The more low-rised, cropped, micro-minied, plunging necklined and all-around body baring, the more attention you'll get. Letting it all hang out seems to be the style these days. Besides, how else are you going to show off all that work you do in the gym, your no-panty line, your boob job, your belly button ring, your tanning booth bronzed skin and your daisy tattoo? It's a look that says "come and get it 'cause I'm almost done!" The problem with this look is it may get you more than you bargained for.

MORE IS SOMETIMES LESS
On the other end of the spectrum, there's something very tantilizing about the Victorian era when you had to undo thousands of tiny satin buttons, maneuver around mountains of petti-coats and unlace corsettes to get to the good stuff. I'm reminded of the movie The Piano where Harvey Keitel discovers a tiny hole in Holly Hunter's stockings and the effect is...well...orgasmic.

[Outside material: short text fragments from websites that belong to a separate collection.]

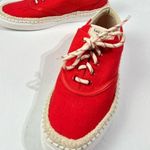 Kate Spade  NY Red Boat Party Canvas Espadrille Sneakers Size 7 Photo 0
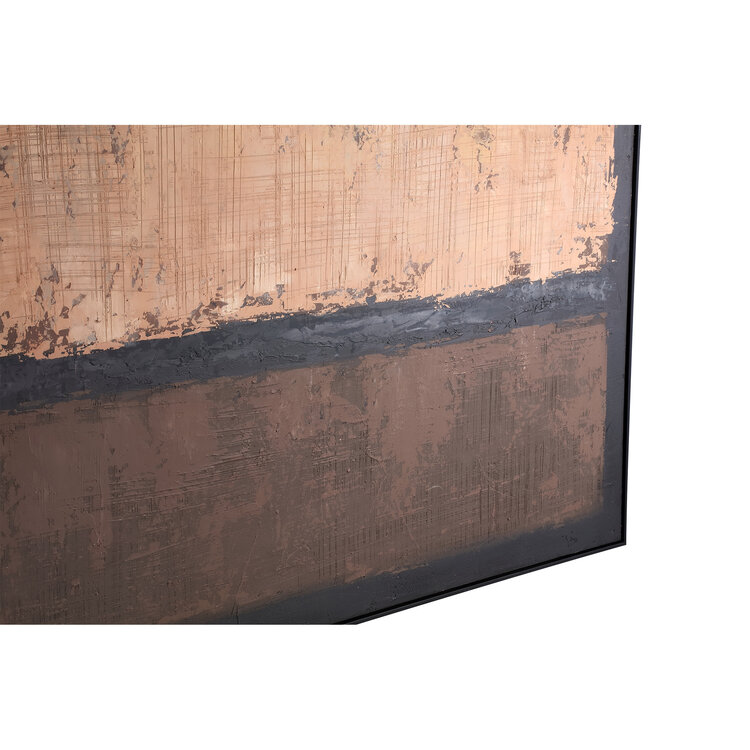 PTMD Collection Asante Brown wandpaneel canvas vierkant frame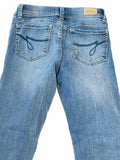 Jordache skinny jeans light blue with adjustable waistband girls size 10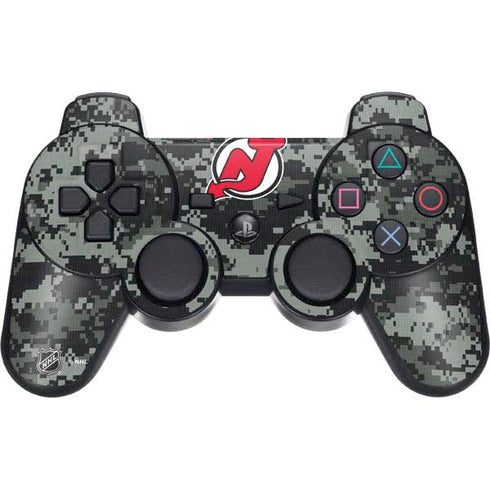 NHL New Jersey Devils Camo PS3 Dual Shock wireless controller Skin
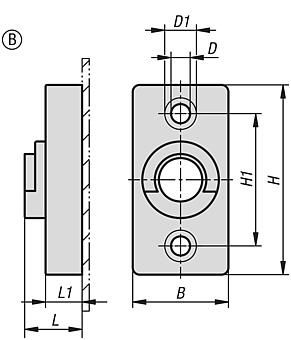 用于 B 型塑料舌簧的适配器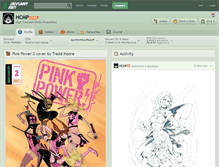 Tablet Screenshot of hcmp.deviantart.com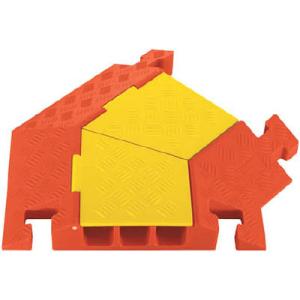 ラインバッカー ケーブルプロテクター 重量型 電線3本 左曲アダプター ※メーカー直送品 車上渡し品...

Sometimes I don't think men understand this. They think it's sexy to shimmy out of their skivvies and jump around all dangley into bed. It's as if they have one thought and one thought alone. "Let's Get Naked!!!"

SIDEBAR
What is it about men and their inability to unfasten a bra? They are simple hook and eye closures, for God's sake! I unhook mine with one hand every single day. Is it that all the blood normally supplying the fastener part of the brain has traveled to a nether region, thus rendering men hook-challenged? Don't they know that struggling with bra removal tends to slow down all that sexual momentum they gained with dinner and drinks? If I were them I would practice. This is a much more useful skill than juggling tennis balls or twirling a basketball on your finger. Maybe they should develop a video game that strengthens coordination in this area. They could call it...uh...I don't know...Boob Raider?

IT'S NOT A SECRET ANYMORE
Wearing sexy lingerie makes women feel more sexy. And according to a man's reaction when you mention a Victoria's Secret catalog, they think it's hot too. But why should we spend mucho dinero on a lace teddy if it's ripped off our bodies in one second flat and tossed on the floor? Come on, caress the silky satin, love the lace, take the straps down with your teeth. I'll leave it to your imagination what to do with the snap crotch. Did you even KNOW there was a snap crotch?

10 comments:

Duke_of_Earle said...

Karyn,

Uh... hang on a minute.

Hmmm.

Darn it, I had a great comment all ready to make here, but I got to the part about the snap crotch, and all my blood supply to my brain seems to have gone somewhere else.

Maybe later.

John

Karyn Lyndon said...

Funny, funny guy...

Anonymous said...

Two words keep going through my mind: snap crotch, snap crotch.

Karyn Lyndon said...

It does have a nice ring to it.

Hale McKay said...

I experienced undies with snap crotches before I discovered the edible variety. I forget are the snap kind fun?

Karyn Lyndon said...

I'm not talking about the plastic pants that go over diapers...although I suppose they could be interesting if you're into that.

:)

Bill said...

Karyn... I've often said that the sexiest thing a woman can wear, is, whatever makes her *feel* sexy!!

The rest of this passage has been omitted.